Today, Mr O'Connor is considered one of the most accessible CEOs in Singapore's tight-lipped corporate world. He puts it down to the decision he made years ago to seek work that involved interacting more with people rather than the dull clerical jobs he'd been doing.

"If you ask me today, I never thought about achieving this position when I first started my job," he says, though he admits that once he saw his career path taking shape, he was determined to become a top executive by the time he was 30 years of age.

He missed his target, but not by much.

"My own personal goal was 30 and I missed it by two years, but then I was a deputy managing director for two years and my boss was six weeks on and six weeks off, so I was kind of already a half-MD," he recalls.

His climb to the top job was not an easy one, though. Courts, a venerable name in English retailing dating back to 1850 in Canterbury, fell on hard times and went belly-up at home in 2004, leaving only a modest Asian operation concentrated in Singapore and Malaysia, along with a chain of stores in the Caribbean. The Asian operation was spun off with new investors and is now beginning to thrive.

Mr O'Connor began his own retail journey in the UK at age 18 as a trainee buyer — "one of the most boring jobs in my life", he recalls. "I had done work as a shipping clerk and I was bored. I just needed something that would allow me to exercise my social skills and my negotiating ability."

He got the break he sought when the company's chairman asked the buying director to hire a young, "untainted and mouldable" person because he was fed up with people who came from corporate backgrounds. Many of them, the chairman thought, spent too much time on the golf course and seemed better at "selling a story than [selling] the business".

But even the new job Mr O'Connor was offered turned out to be very mundane, mostly updating data in the accounts and filling out purchase orders. Soon, however, more responsibilities came his way.
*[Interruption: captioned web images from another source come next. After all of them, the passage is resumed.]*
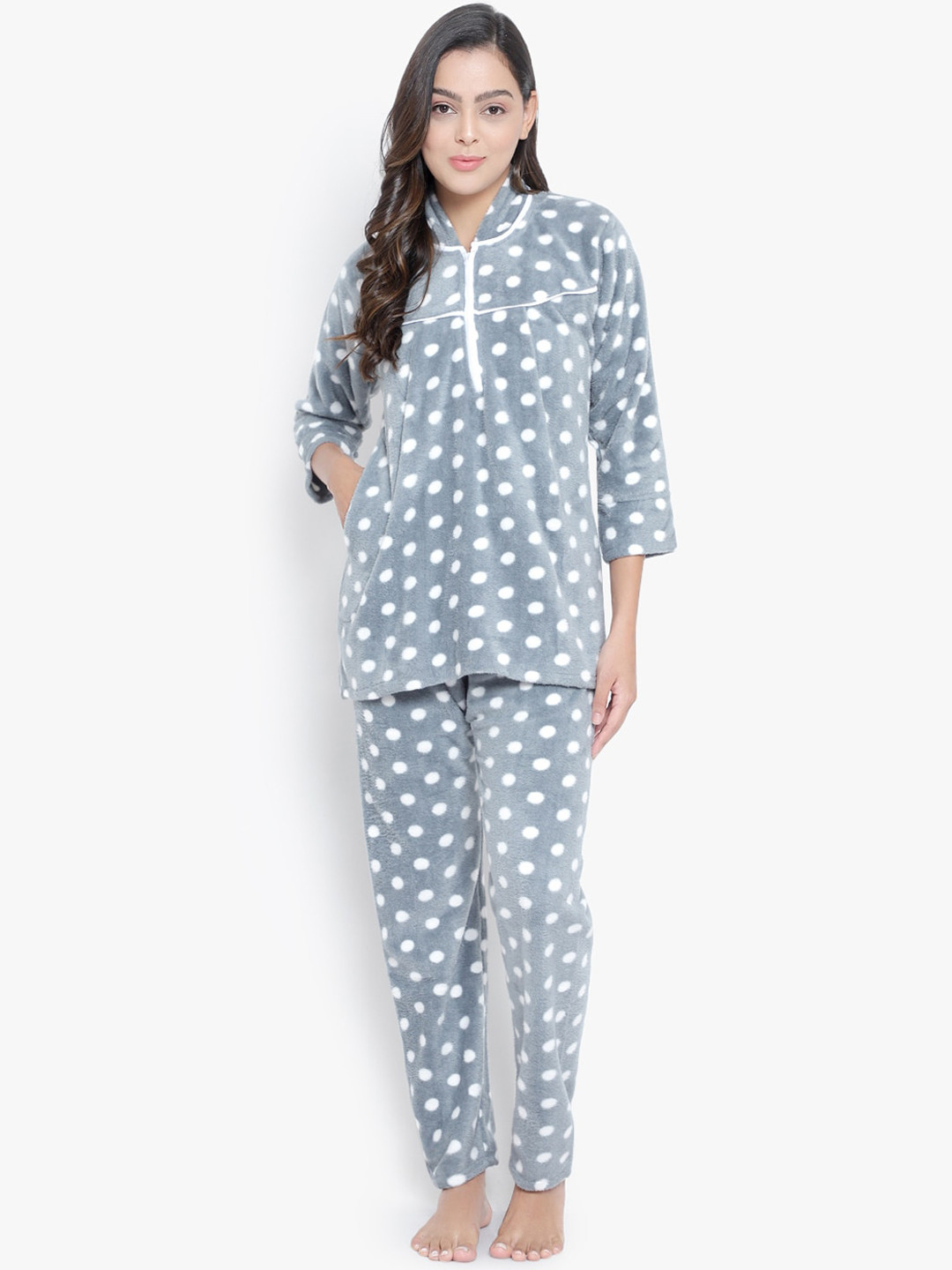 

CIERGE Women Printed Night suit, Grey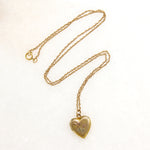 Sweet Gold Filled Heart Locket with Engraved Sparrow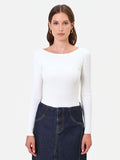 Maglia panna bianco con scollo a barchetta in misto viscosa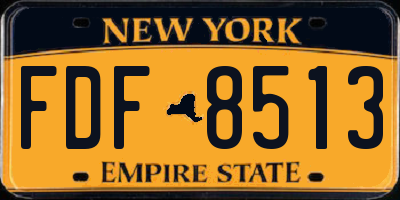 NY license plate FDF8513
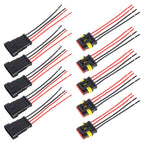 10pcs 3P Car Waterproof Plug Car Connector Plug-In, Length：10cm, 4P – Waterproof 4P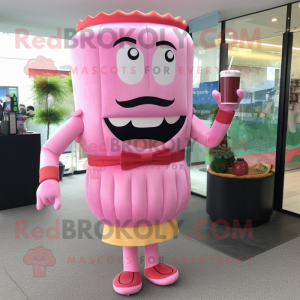 Pink Burgers mascot costume character dressed with a Cocktail Dress and Coin purses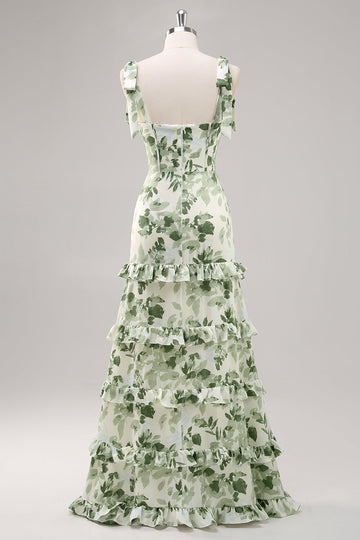 Green Flower A Line Square Neck Ruffled Long Bridesmaid Dress with Slit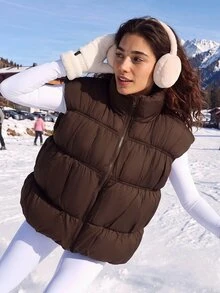 Exploreva Women's Zipper High Neck Outdoor Cotton Padded Vest Jacket - Chocolate Brown - View 3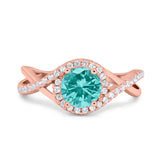 Halo Wedding Engagement Ring Infinity Twisted Shank Round Simulated Cubic Zirconia 925 Sterling Silver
"I was thrown a lucky curve for me but it was very unfortunate for my boss, who fell ill, and he had to take three to six months off and I was the only person available to do the job," he admits.
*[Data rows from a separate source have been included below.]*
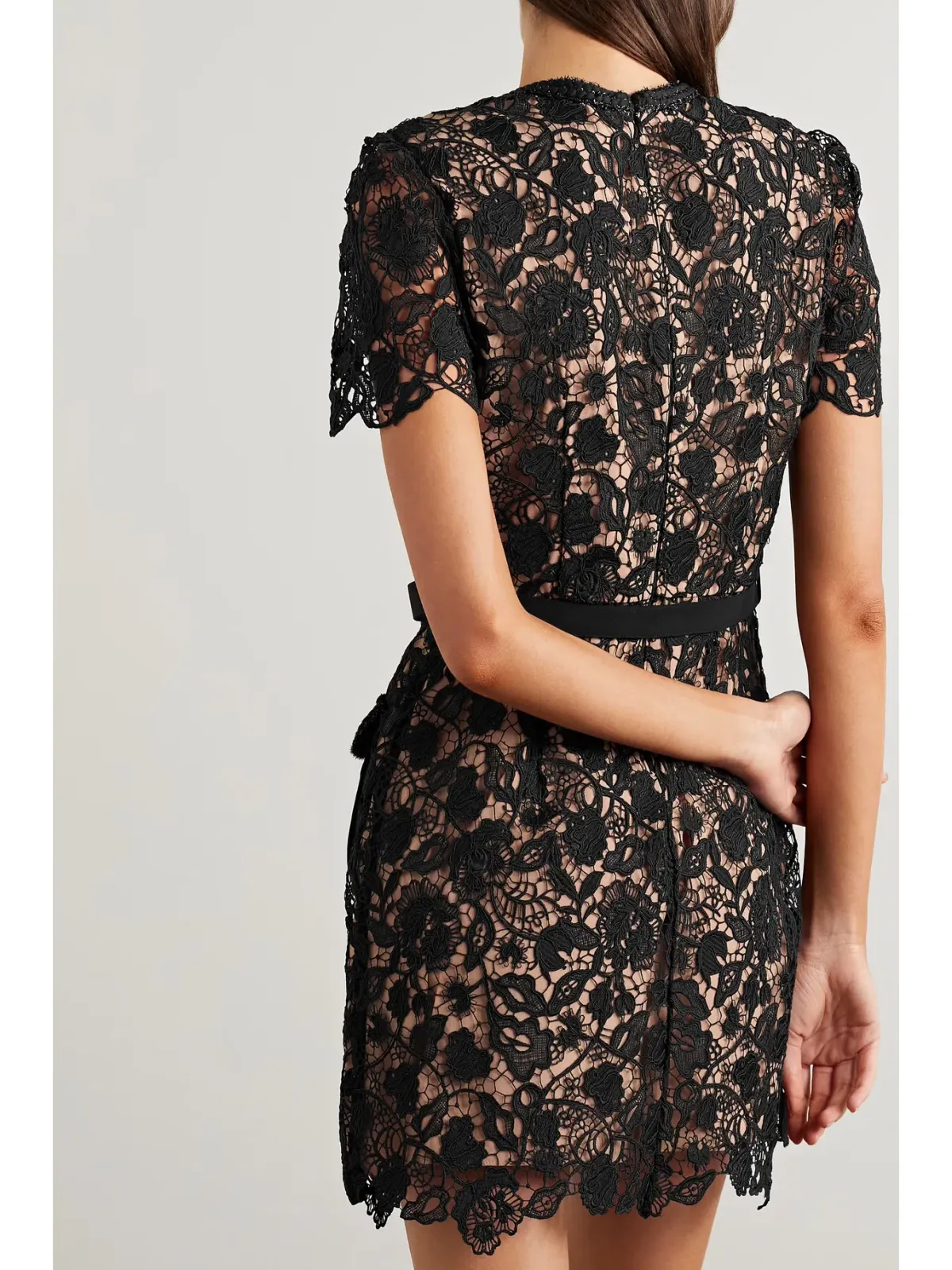 Self Portrait Embellished Belted Guipure Lace Mini Dress Black Size 6 - Image 2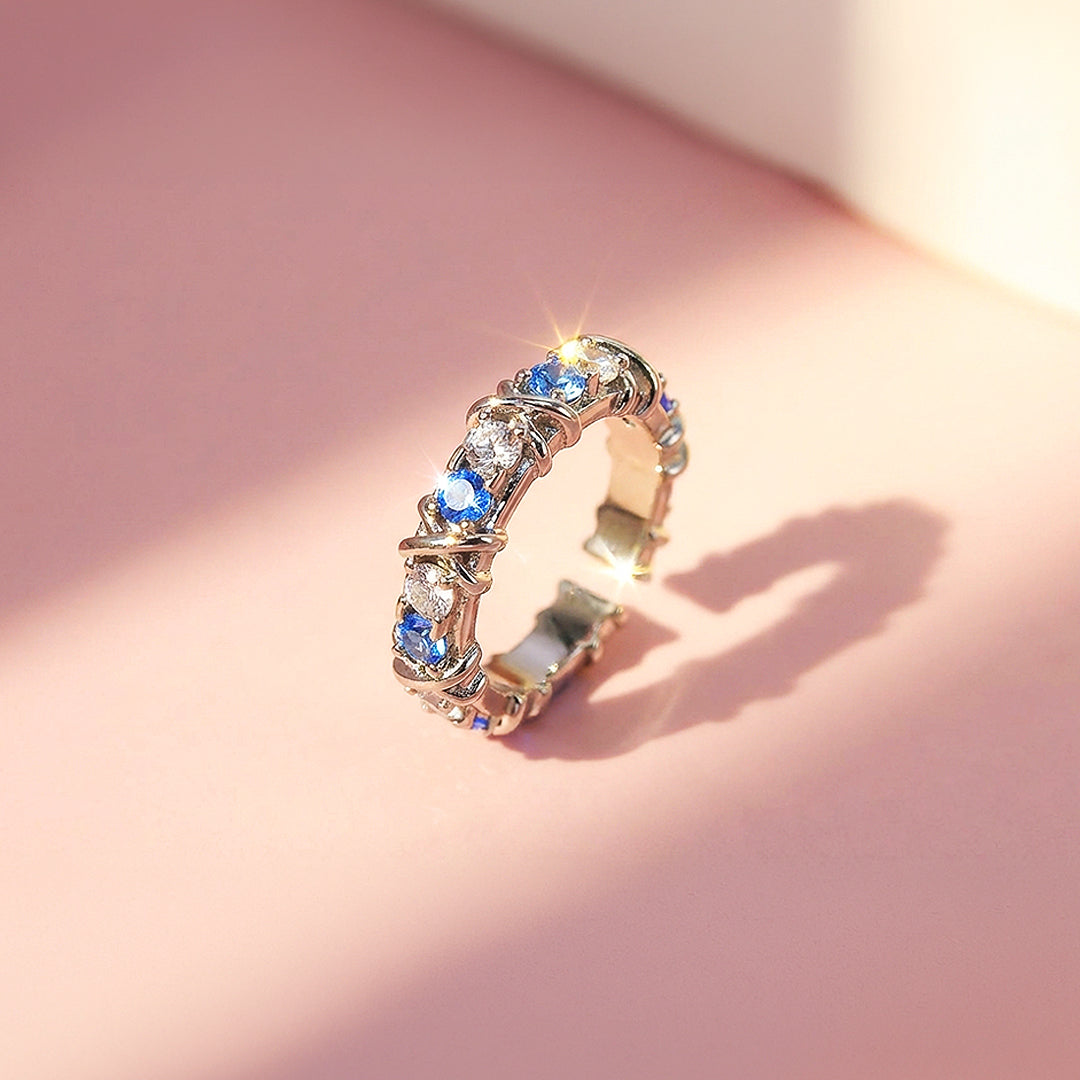 Eternity Cross Band | Adjustable | Diamond Simulant | Dual-Tone Plated | Luxe5180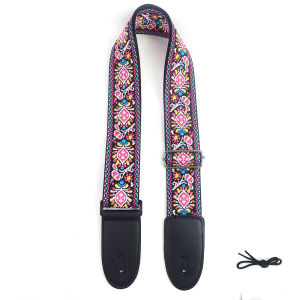 Adjustable Guitar Strap Embroidered Print Ethnic Style Guitar Strap for Folk Electric Guitar Bass Ukulele Guitar Accessories
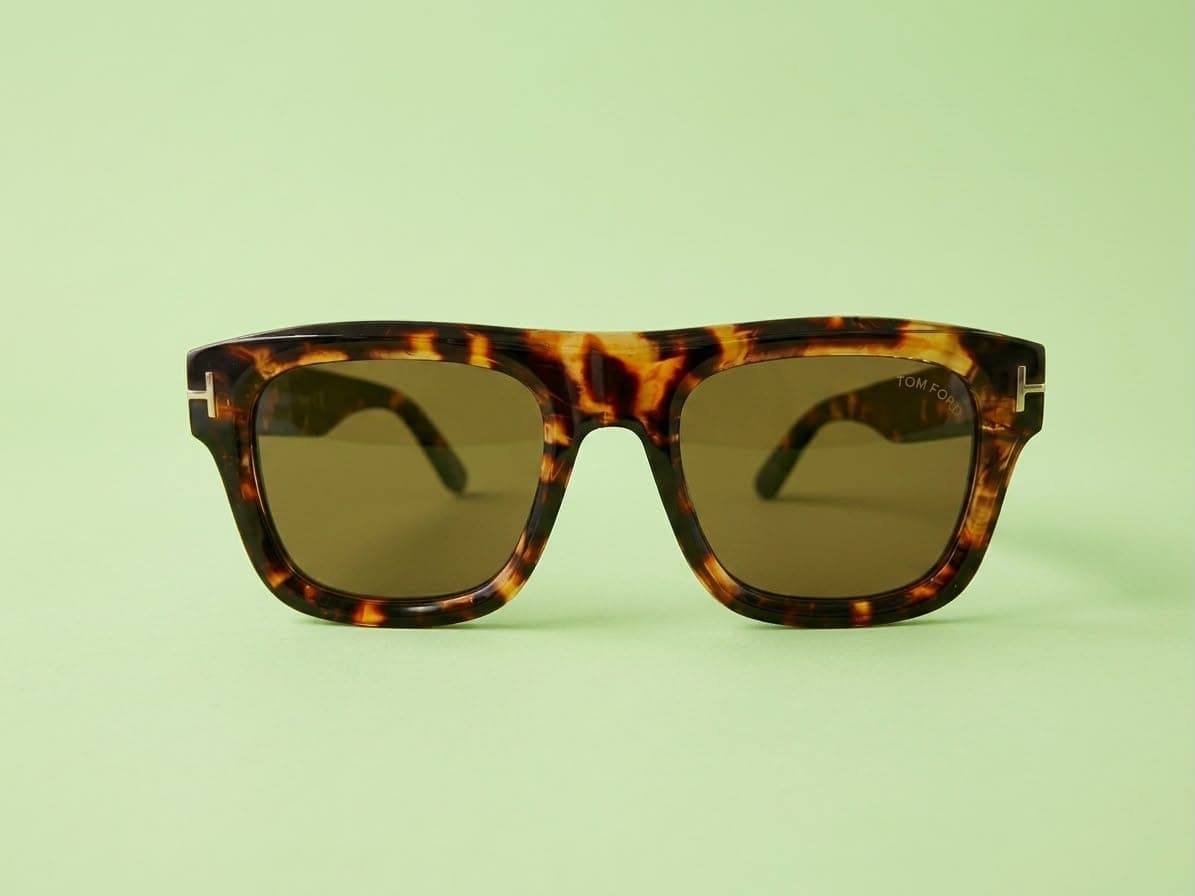 Tom Ford Tortoise Flat-Top Square Sunglasses β Brown Lens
The chairman, Mr O'Connor says, was the kind of person who liked to empower others. "He would say, 'If you feel like what you're doing is right for the company, then do it and you won't get into trouble.' "
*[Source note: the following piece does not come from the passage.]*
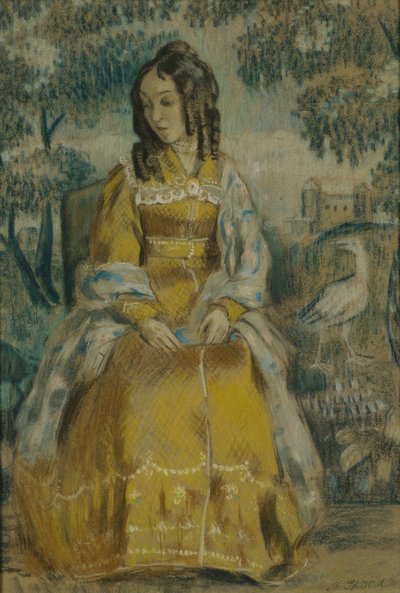 Dame près de la tapisserie. Portrait de Nadezhda Stanyukovich, 1903 - Viktor Elpidiforovich Borisov Musatov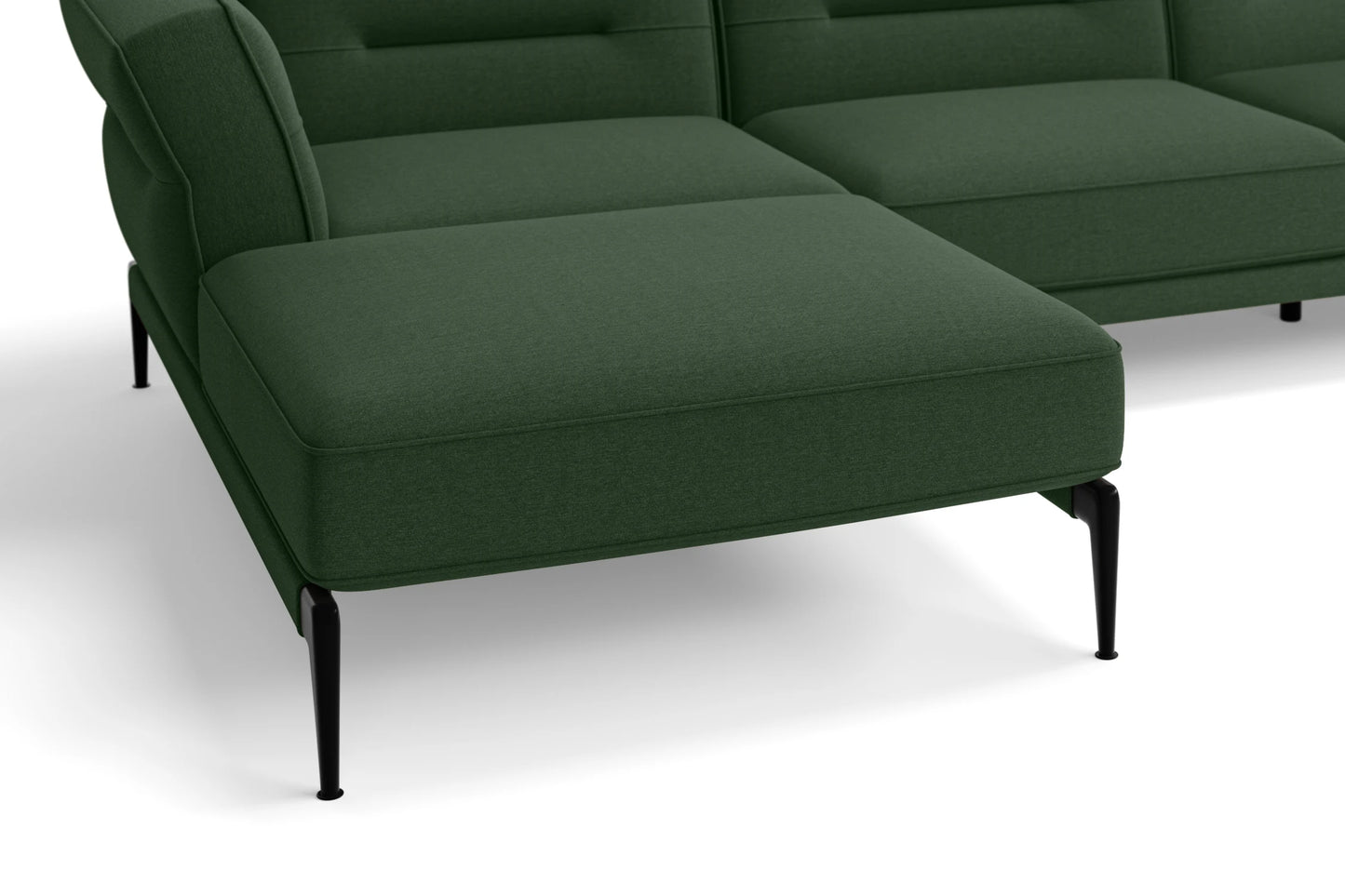 Acerra 3 Seater Left Hand Facing Chaise Lounge Corner Sofa Forest Green Linen Fabric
This was the break the young high-school dropout needed to prove his worth and it offered a lot of opportunity at a young age.

FOLLOW THE BOSS

To this day Mr O'Connor says he has been following his former boss's style of management although he has adapted it to changing times.

"I try to follow what my boss taught me and try to hire young talents. I take a very active human resource role and gave HR a seat at the top table as soon as I had the power," he explains.

Courts Asia is well known for its talent management programme, spending a lot of time identifying people under 30 who have high potential to move up and making sure they get the career help they need. Mr O'Connor admits to a personal motivation for encouraging a youth movement.

"When I was 18 or 19 and facing suppliers, there was a huge amount of discrimination because they would ask me where my boss was," he says.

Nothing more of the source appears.